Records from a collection
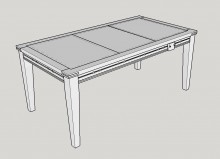 gaming-table-sketchup
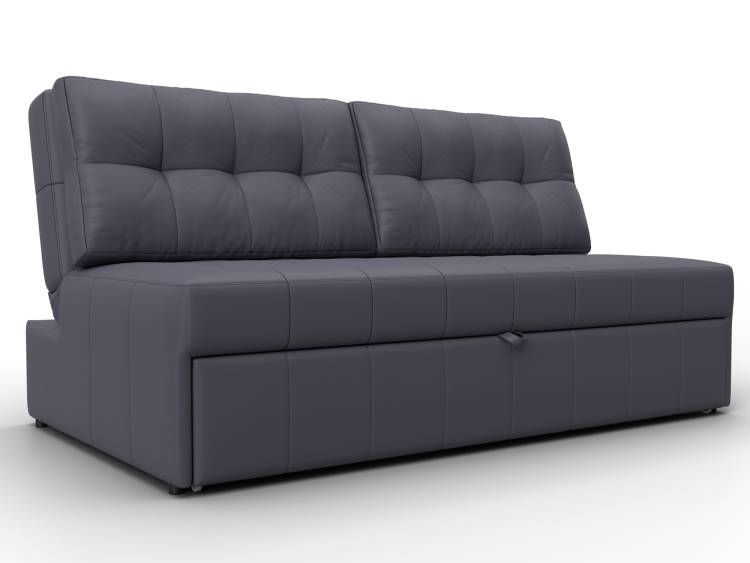 Диван прямой Лига Диванов Лига-107 (160) 134935 Серый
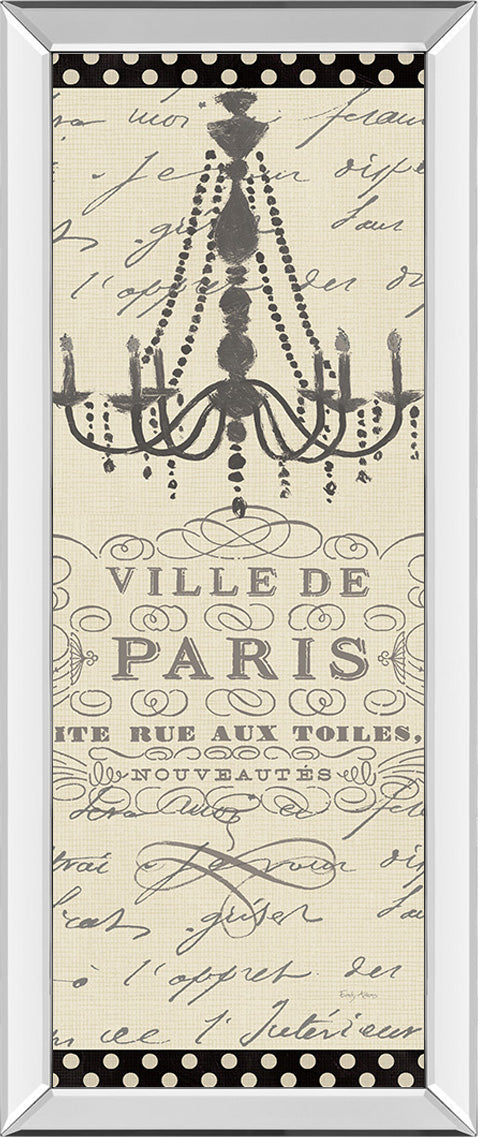 French Couture Panel I By Emily Adams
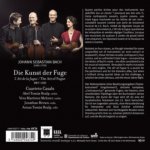 Johann Sebastian Bach - The Art of Fugue CD – Hledejceny.cz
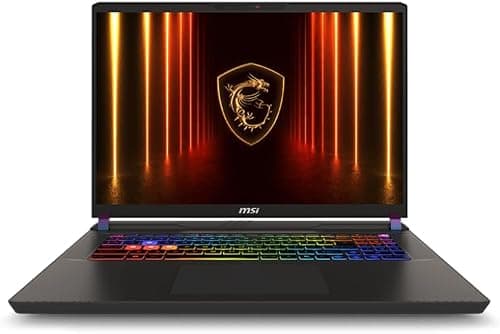 msi Vector A16 HX A8WHG-004US Gaming Laptop 16” WQXGA 2560x1600 Display IPS 240hz AMD Ryzen 9 8940HX NVIDIA Geforce RTX 5070 Ti 12G GDDR7 16GB DDR5 1TB SSD Backlit KB Thunderbolt 4 Windows 11 Home على Amazon.ae - متتبع الأسعار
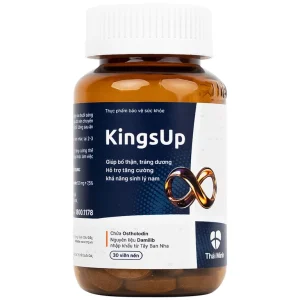 Viên uống KingsUp Thái Minh bổ thận, tráng dương, hỗ trợ tăng cường khả năng sinh lý nam (30 viên)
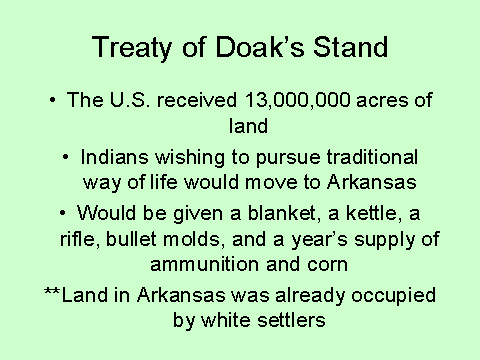 Treaty of Doak's Stand Treaty of Doaks Stand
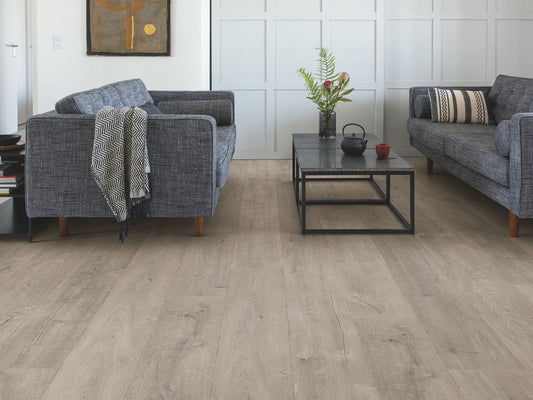 QuickStep Capture Patina Oak Grey Laminate Flooring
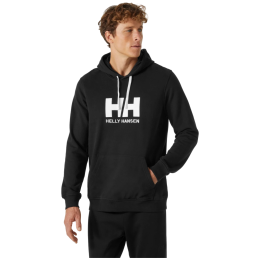 Мъжки суитшърт Helly Hansen Hh Logo Hoodie черен Black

# THE TASK:
Give back, word for word, the lines from the line that contains "Диван прямой Лига" through the last line of the records, with no pictures and nothing else.

# YOUR RESPONSE:
 Диван прямой Лига Диванов Лига-107 (160) 134935 Серый
 French Couture Panel I By Emily Adams
 Johann Sebastian Bach - The Art of Fugue CD – Hledejceny.cz
 msi Vector A16 HX A8WHG-004US Gaming Laptop 16” WQXGA 2560x1600 Display IPS 240hz AMD Ryzen 9 8940HX NVIDIA Geforce RTX 5070 Ti 12G GDDR7 16GB DDR5 1TB SSD Backlit KB Thunderbolt 4 Windows 11 Home على Amazon.ae - متتبع الأسعار
 Viên uống KingsUp Thái Minh bổ thận, tráng dương, hỗ trợ tăng cường khả năng sinh lý nam (30 viên)
 Treaty of Doak's Stand Treaty of Doaks Stand
 QuickStep Capture Patina Oak Grey Laminate Flooring
 Мъжки суитшърт Helly Hansen Hh Logo Hoodie черен Black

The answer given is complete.